Alfred Hitchcock’s first American project was his only film to win an Academy Award, and since it was for Best Picture, it was producer David O Selznick, not Hitchcock, who took home the statuette. In 1968 Hitchcock received the Irving G. Thalberg Memorial Award, but he never got an Oscar.
Joan Fontaine plays a lonely young woman without a family who’s employed as a paid companion for an overbearing older woman (Florence Bates, who’s very entertaining in the part). In Monte Carlo they encounter Maxim de Winter (Laurence Olivier), a wealthy and handsome widower depressed over his wife’s death some months before. He takes a liking to the quiet and timid Fontaine, and when she unhappily informs him that her employer is taking her to New York, he responds with a proposal of marriage.

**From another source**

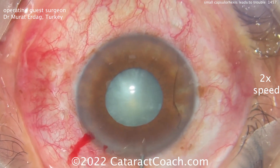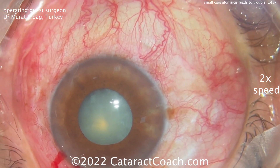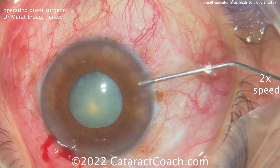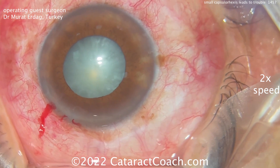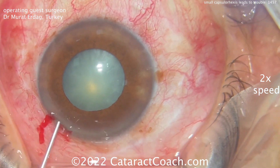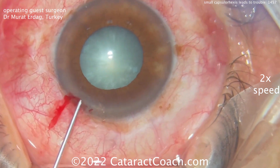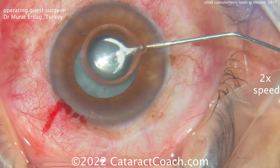We've sped up the video at two times normal speed just to show you everything. Can you guess, even at the beginning, what complication we're going to encounter with a small pupil and small Rhexis? You can see dilation is a little bit better now — maybe some phenylephrine or epinephrine was placed inside the AC, maybe some lidocaine, which can help get the pupil a little bigger.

She accepts, and after a happy honeymoon they return to his immense Cornish estate called Manderley. There Fontaine finds herself living in the shadow of the first Mrs. de Winter, the Rebecca of the title. (Perhaps to underscore Rebecca’s overwhelming presence even in death, we never learn the name of Fontaine’s character, either in the movie or in Daphne du Maurier’s novel, which is narrated in the first person by her character.)
Some people befriend Fontaine, but the stern head of the household staff, Mrs. Danvers (Judith Anderson), makes it clear that she considers Fontaine an unwelcome interloper and far inferior to the adored Rebecca in beauty, sophistication, and everything else. She engineers ways for Fontaine, who is trying to save her increasingly troubled marriage, to do things that upset her husband. She tries to convince Fontaine that her husband doesn’t love her and urges her to leave, dead or alive. Then a sudden new development puts Mr. de Winter himself in serious jeopardy.
Though perhaps a bit overdramatic, it’s quite a good film. Joan Fontaine, a relative unknown at the time, is excellent.